Responding to this, Cheong said that developers could be desperate to sell off their new properties and have resorted to offer "generous payment mode" to consumers
He explained that developers allow buyers to pay 1% of the property price and settle the remainder upon completion nowadays, while in the past, consumers were required to pay 10% as deposit.
Cheong went on, saying that the failure to sell at least 40% of the total units will put developers at the risk of losing their bridging finance from banks to support their construction.
"This is where the danger starts. I predict if this continues, markets will crash within 24 to 30 months because consumers do not have the financial capacity to buy properties any more.
"Furthermore, developers who started building two years ago are expected to flood the market further with their units," he told FMT.
The real estate veteran is also predicting that house prices will go down when the market crashes
FMT reported Cheong as saying that the prices of houses will fall from RM500,000 to RM300,000.
He also offered a piece of advice to Malaysian consumers who are looking to buy a property: consider renting first unless you have a minimum savings of RM1,000 a month for at least a year.
“This is to cover for rainy days if they lose their jobs."
"There should not be any urgency to buy a property at the moment. Try renting first."
Meanwhile, other experts did not share the same opinion with Cheong
In a separate report by FMT today, 15 November, several experts agreed that the market in 2018 is expected to be soft but less negative than suggested by Cheong.
The report quoted Henry Butcher Malaysia chief operating officer (CEO) Tang Chee Meng who did not deny that the market was sluggish and that there could be an increase in number for unsold houses next year.
However, he pointed out that are still projects that enjoy good take-up rates such as those projects priced under RM500,000 and those above that price range in popular locations.
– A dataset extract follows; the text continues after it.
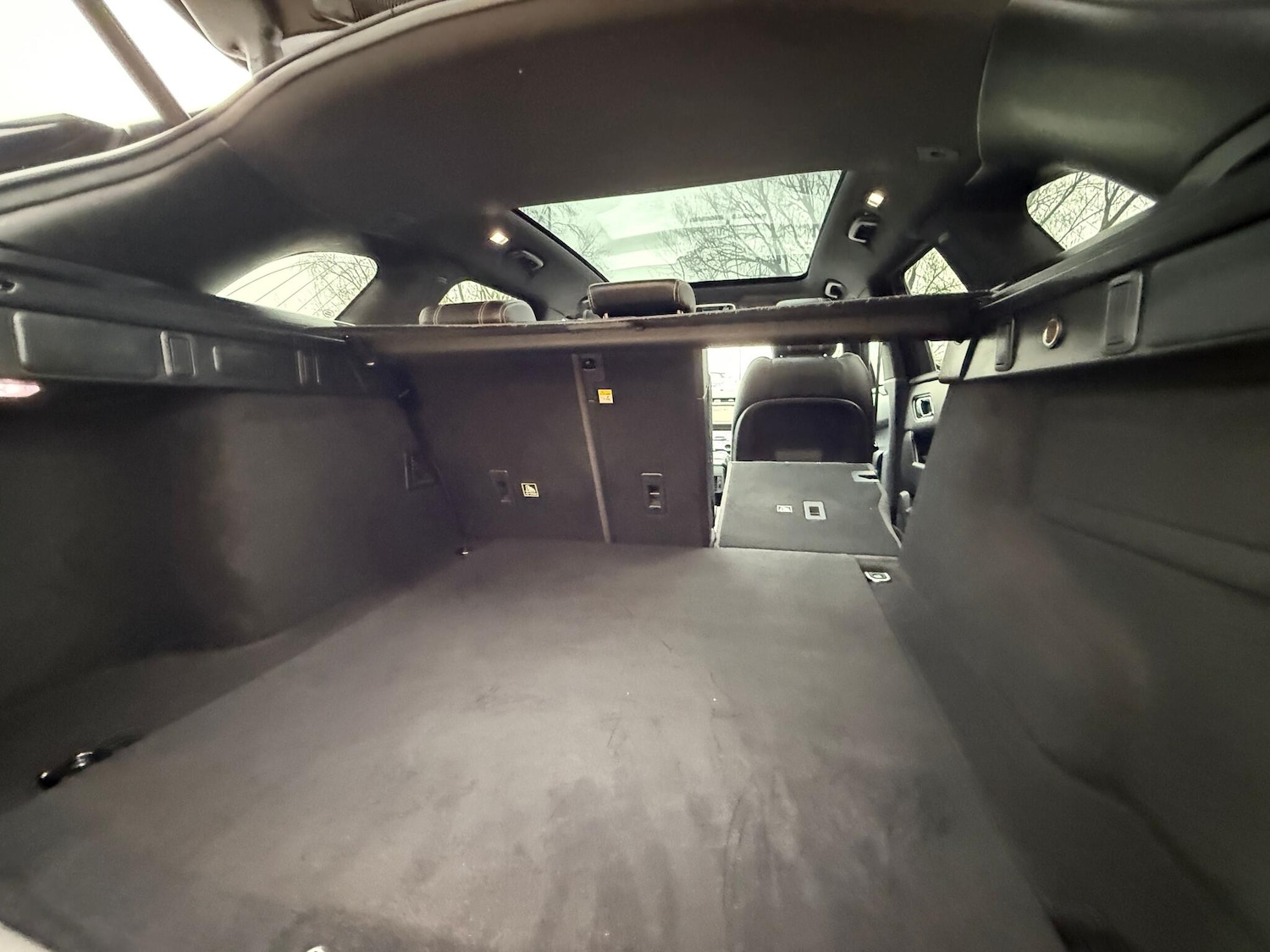 Used Land Rover Range Rover Velar 2018 for sale - 76832724: Photo 43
"So for anyone to say that the market will crash next year is a bit too pessimistic," Tang said.
He told FMT several reasons why the future of property market is not as bleak as painted:
2. Borrowers are not facing financial difficulties in servicing their loans since there had not been a significant rise in nonperforming loans (NPLs). There is also no substantial rise in foreclosed properties put up for auction.
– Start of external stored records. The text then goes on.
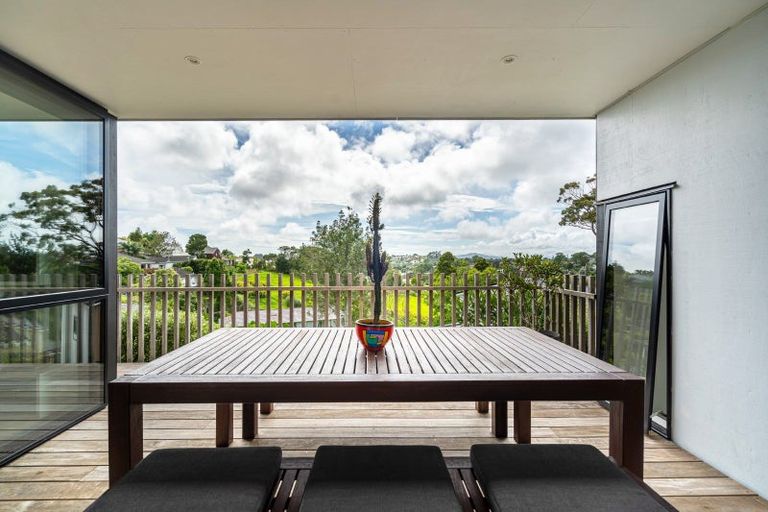 Photo of property in 15b Verran Road, Birkenhead, Auckland, 0626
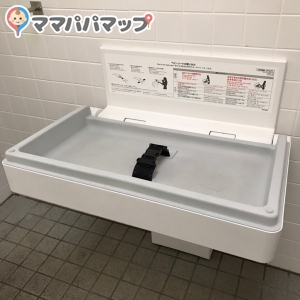 中村公園駐車場公衆トイレのオムツ替え台情報 画像1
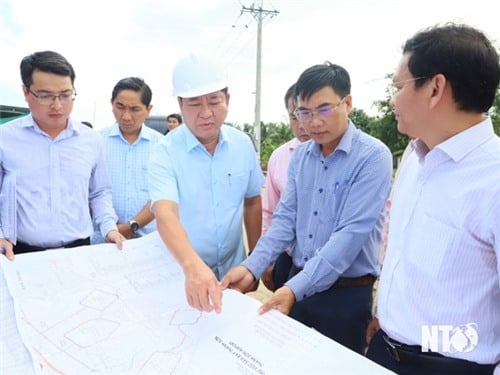 Le président du Comité populaire provincial, Tran Quoc Nam, a inspecté l'avancement des projets agricoles et de transport.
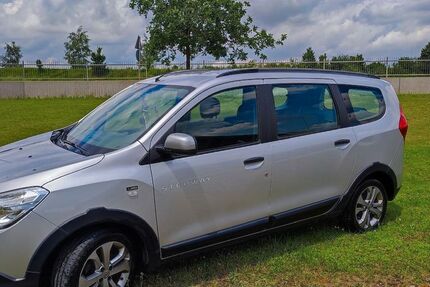 Dacia Lodgy 197.000 km 7.500 &euro; Heldenstein 84431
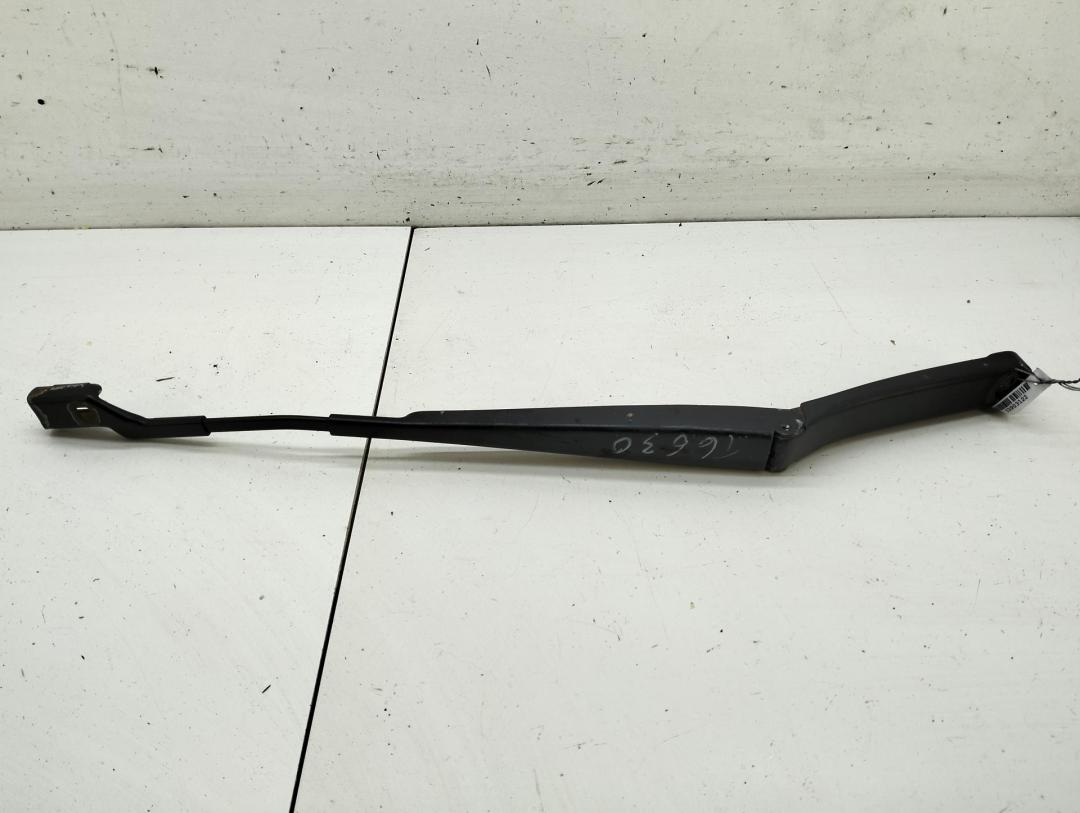 Щеткодержатель (поводок стеклоочистителя) передний Volkswagen Passat B6 2007, 2.0 л., дизель, АКПП, серый, универсал, 3C1955409C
3. Employment and the business sector did not appear to be so negative as suggested by the latest economic data, and they should support a stable property market.
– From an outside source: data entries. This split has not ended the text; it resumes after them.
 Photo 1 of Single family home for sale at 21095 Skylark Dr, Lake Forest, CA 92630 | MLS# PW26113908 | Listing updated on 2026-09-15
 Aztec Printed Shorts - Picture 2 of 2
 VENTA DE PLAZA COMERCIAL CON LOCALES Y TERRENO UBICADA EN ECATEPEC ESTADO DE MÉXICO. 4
4. Quite a number of developers have shifted to the affordable homes segment, which he thinks will help to overcome the sluggish market.
5. Some investors may also choose to hold back their purchases to wait for the next general election's outcome.
This was also echoed by Penang Real Estate and Housing Developers' Association's immediate chairman, Jerry Chan who also refuted claims of a potential market crash
He cited strong exports, returning investor confidence, and no major retrenchment exercises as reasons why a property market crash next year is unlikely.
On whether prices of properties will fall next year, Chan reportedly said that developers will only drop the prices if they are having financial problems.
"But, most developers have been around for some time, had a good run and would’ve anticipated the current market slowdown. So I don't think they have their backs against the wall," he was quoted as saying by FMT.
He added that developers are more likely to change the products they are offering, such as making smaller units or putting less finishings to cope, rather than reducing prices as their margins are low.
"I don't see prices dropping more than they already have. When the market was at its peak, some developers set ridiculous prices and when the market slowed down, they dropped their prices a bit. But does this really mean that they dropped their real prices or merely slashed their inflated prices?"